EXERCISE DETAILS: Find the string "atmosphere" in the data, then copy every line where it is found.

DATA EXTRACT:
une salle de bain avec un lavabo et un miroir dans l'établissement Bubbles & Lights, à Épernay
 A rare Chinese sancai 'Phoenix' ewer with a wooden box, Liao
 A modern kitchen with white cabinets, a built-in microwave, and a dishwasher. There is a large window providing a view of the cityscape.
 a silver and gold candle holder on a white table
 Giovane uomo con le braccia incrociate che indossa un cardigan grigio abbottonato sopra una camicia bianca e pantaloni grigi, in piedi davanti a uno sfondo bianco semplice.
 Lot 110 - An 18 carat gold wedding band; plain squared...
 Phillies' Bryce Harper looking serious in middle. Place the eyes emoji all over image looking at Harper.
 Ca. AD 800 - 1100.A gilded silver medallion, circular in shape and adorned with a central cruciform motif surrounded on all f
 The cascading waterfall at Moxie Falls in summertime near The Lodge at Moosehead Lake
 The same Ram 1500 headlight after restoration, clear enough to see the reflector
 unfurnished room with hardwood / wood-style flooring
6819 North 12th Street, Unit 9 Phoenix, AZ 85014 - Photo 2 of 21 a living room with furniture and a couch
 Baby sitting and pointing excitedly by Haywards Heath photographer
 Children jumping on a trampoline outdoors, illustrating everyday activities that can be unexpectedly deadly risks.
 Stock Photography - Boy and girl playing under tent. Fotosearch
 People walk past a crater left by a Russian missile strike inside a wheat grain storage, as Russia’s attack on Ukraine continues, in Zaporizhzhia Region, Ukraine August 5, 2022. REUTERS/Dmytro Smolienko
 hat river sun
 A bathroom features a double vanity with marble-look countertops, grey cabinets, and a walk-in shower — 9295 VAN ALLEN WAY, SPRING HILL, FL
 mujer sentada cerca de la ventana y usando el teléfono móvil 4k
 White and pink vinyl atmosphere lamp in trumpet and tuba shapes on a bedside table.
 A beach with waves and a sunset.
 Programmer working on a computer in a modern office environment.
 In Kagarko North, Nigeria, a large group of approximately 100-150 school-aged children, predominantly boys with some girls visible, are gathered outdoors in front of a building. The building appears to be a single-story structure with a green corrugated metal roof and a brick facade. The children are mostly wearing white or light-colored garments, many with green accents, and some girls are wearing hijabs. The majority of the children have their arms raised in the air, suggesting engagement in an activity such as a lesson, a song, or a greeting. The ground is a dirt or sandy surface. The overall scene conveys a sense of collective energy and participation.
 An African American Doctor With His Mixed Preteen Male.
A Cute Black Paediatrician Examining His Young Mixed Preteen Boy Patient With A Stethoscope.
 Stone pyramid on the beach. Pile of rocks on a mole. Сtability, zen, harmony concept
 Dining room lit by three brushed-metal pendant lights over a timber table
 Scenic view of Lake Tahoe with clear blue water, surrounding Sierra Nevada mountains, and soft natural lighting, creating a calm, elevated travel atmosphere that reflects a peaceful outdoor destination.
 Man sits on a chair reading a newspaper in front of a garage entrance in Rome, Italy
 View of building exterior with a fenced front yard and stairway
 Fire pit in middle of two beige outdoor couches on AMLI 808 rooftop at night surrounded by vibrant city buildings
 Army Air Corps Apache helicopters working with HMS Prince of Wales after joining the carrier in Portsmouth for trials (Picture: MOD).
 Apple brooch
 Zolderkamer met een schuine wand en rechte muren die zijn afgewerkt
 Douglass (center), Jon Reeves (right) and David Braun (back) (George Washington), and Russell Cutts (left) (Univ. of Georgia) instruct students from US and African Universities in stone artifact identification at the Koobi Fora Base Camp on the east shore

WORKED SOLUTION:
 White and pink vinyl atmosphere lamp in trumpet and tuba shapes on a bedside table.
 Scenic view of Lake Tahoe with clear blue water, surrounding Sierra Nevada mountains, and soft natural lighting, creating a calm, elevated travel atmosphere that reflects a peaceful outdoor destination.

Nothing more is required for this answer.